(Records to process Opens)

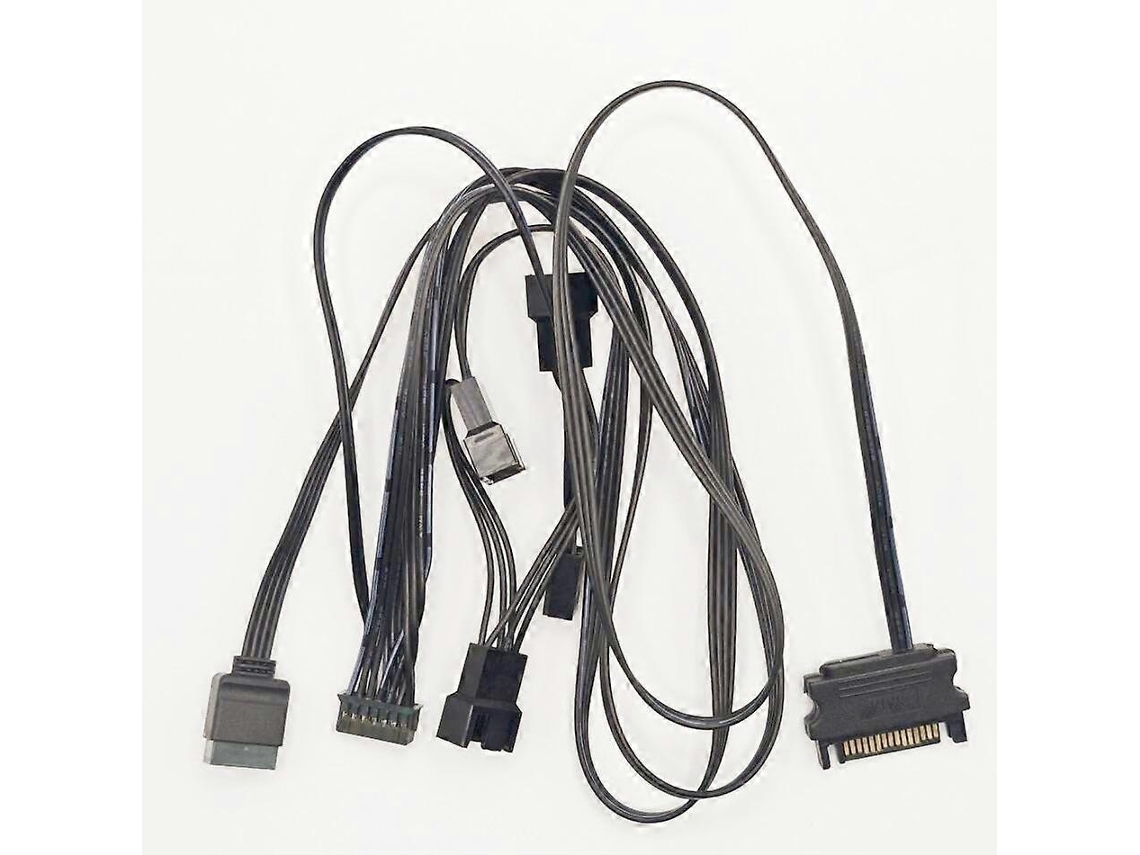 Adaptador De Cabo Para Conector De 14 Pinos Nzxt Kraken Z53 Z63 Z73 Aquaforge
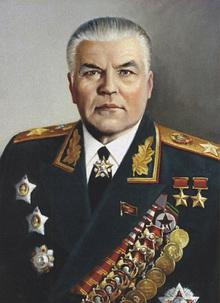 ministri della difesa della Russia e dell'URSS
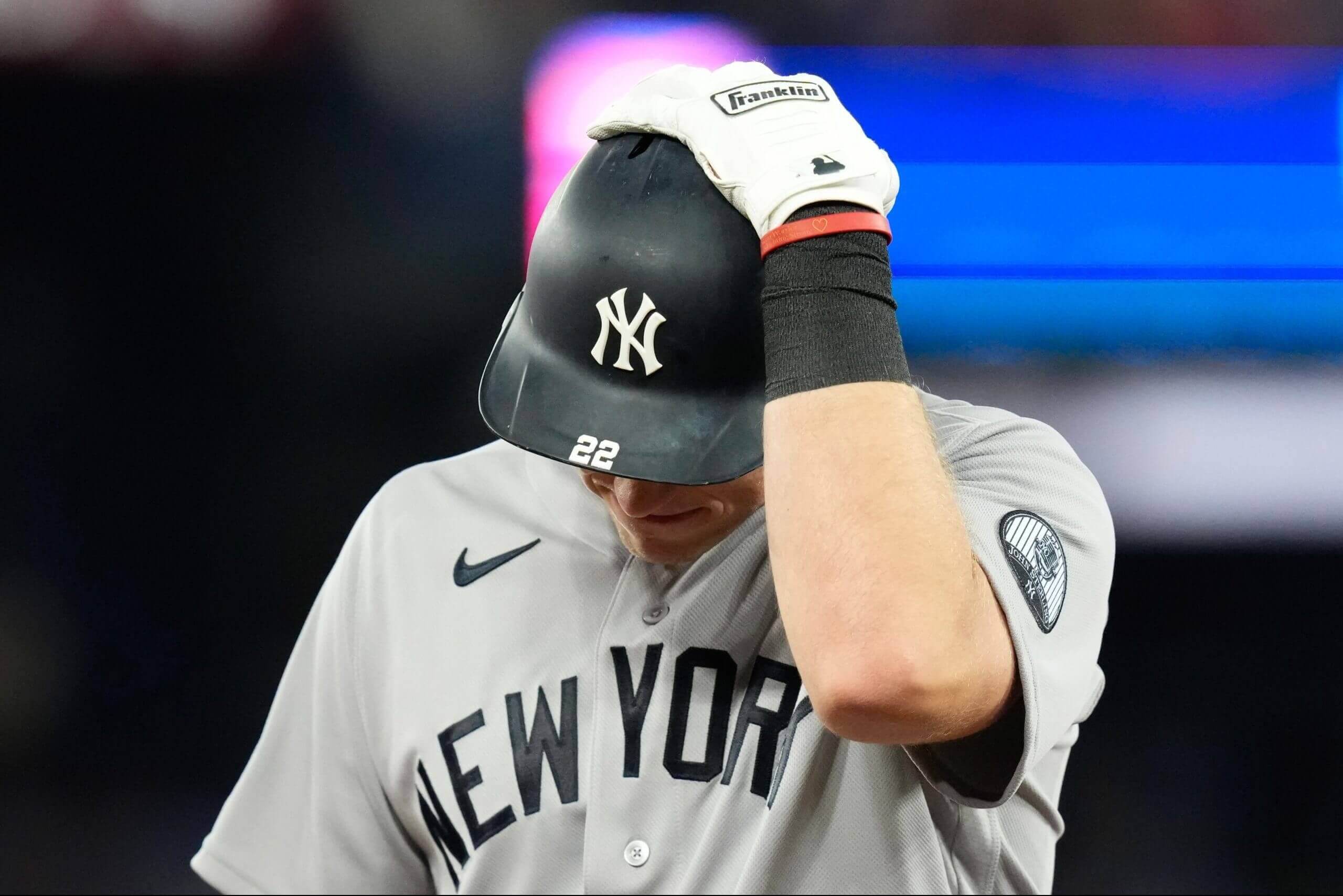 The Yankees get an unexpected boost at a crucial point in the season: Aaron Boone must be very happy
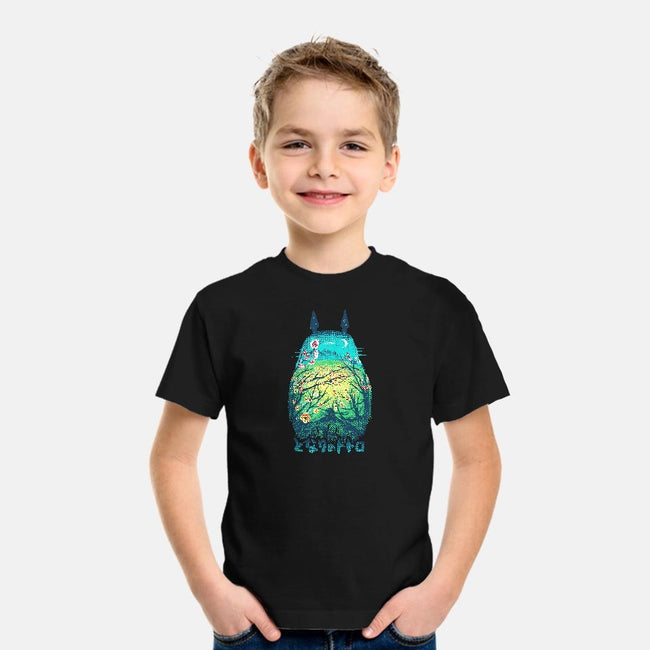 He Is My Neighbor-youth basic tee-victorsbeard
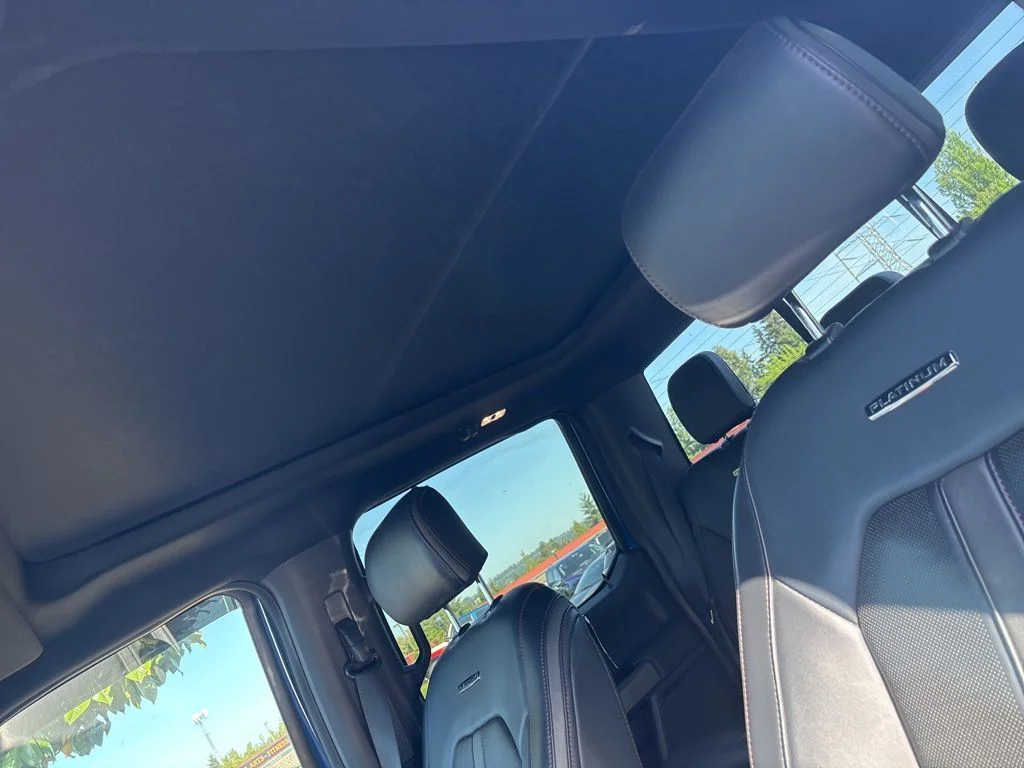 Certified Used 2022 Atlas Blue Ford Platinum image 6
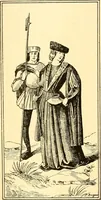 An illustration from Manuel d'archeologie francaise depuis les temps mérovingiens jusqu'à la renaissance .. (1902)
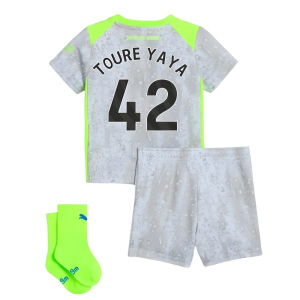 2025-2026 Man City Third Baby Kit (Toure Yaya 42)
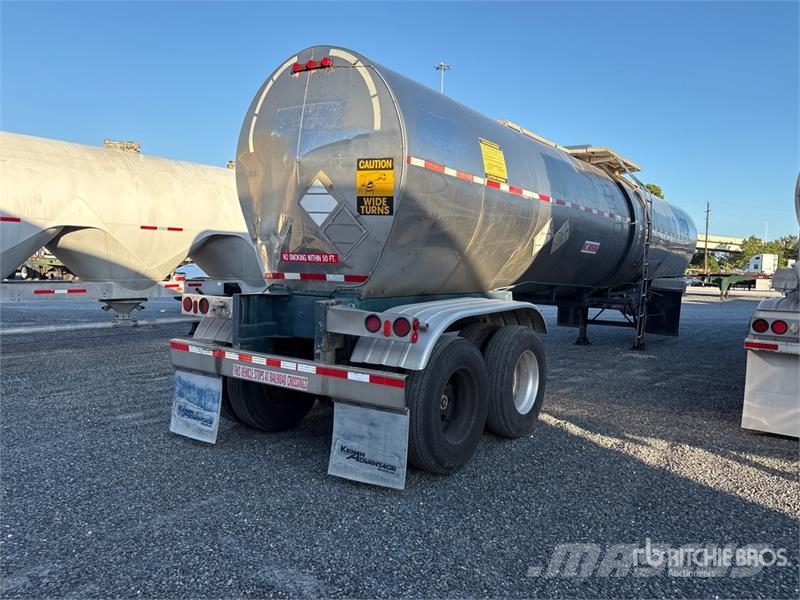 Stainless Steel Tank MC307 7000 gal T/A Tanker Tra 탱커 트레일러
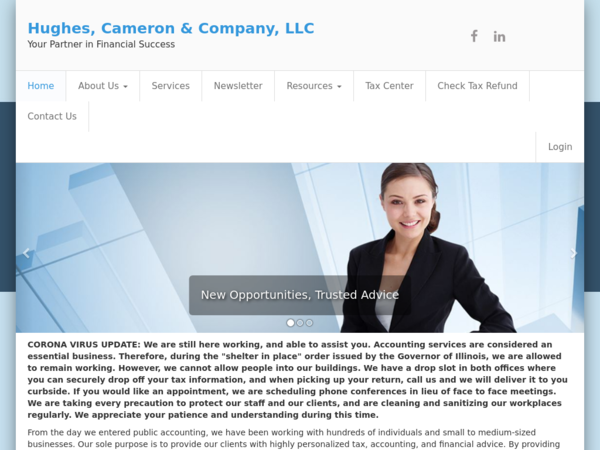 Hughes Cameron & Company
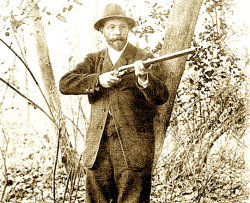 1900 Olympic Games' Pigeon Shooting event.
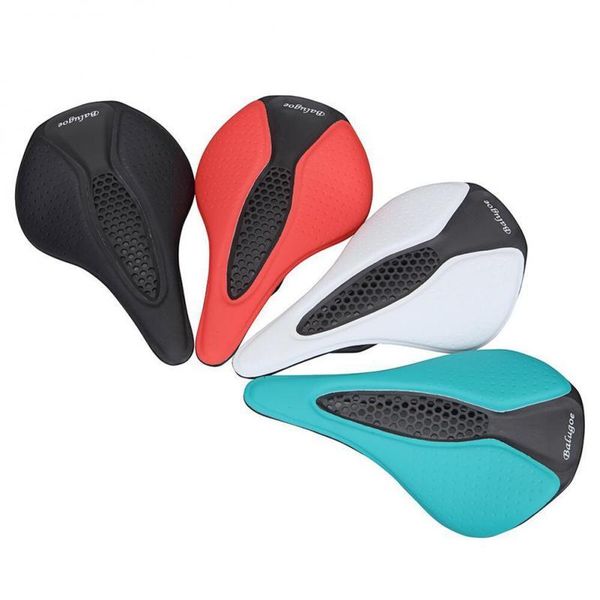 

bike saddles bicycle seat mtb road pu ultralight breathable comfortable cushion racing saddle parts accessories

(Records to process Closes)

* **Directions for this task**
Your answer is the exact run of lines above from the one with "ministri della difesa" through the one with "1900 Olympic Games' Pigeon Shooting event.", both ends included, minus any picture.

* **Your solution**
 ministri della difesa della Russia e dell'URSS
 The Yankees get an unexpected boost at a crucial point in the season: Aaron Boone must be very happy
 He Is My Neighbor-youth basic tee-victorsbeard
 Certified Used 2022 Atlas Blue Ford Platinum image 6
 An illustration from Manuel d'archeologie francaise depuis les temps mérovingiens jusqu'à la renaissance .. (1902)
 2025-2026 Man City Third Baby Kit (Toure Yaya 42)
 Stainless Steel Tank MC307 7000 gal T/A Tanker Tra 탱커 트레일러
 Hughes Cameron & Company
 1900 Olympic Games' Pigeon Shooting event.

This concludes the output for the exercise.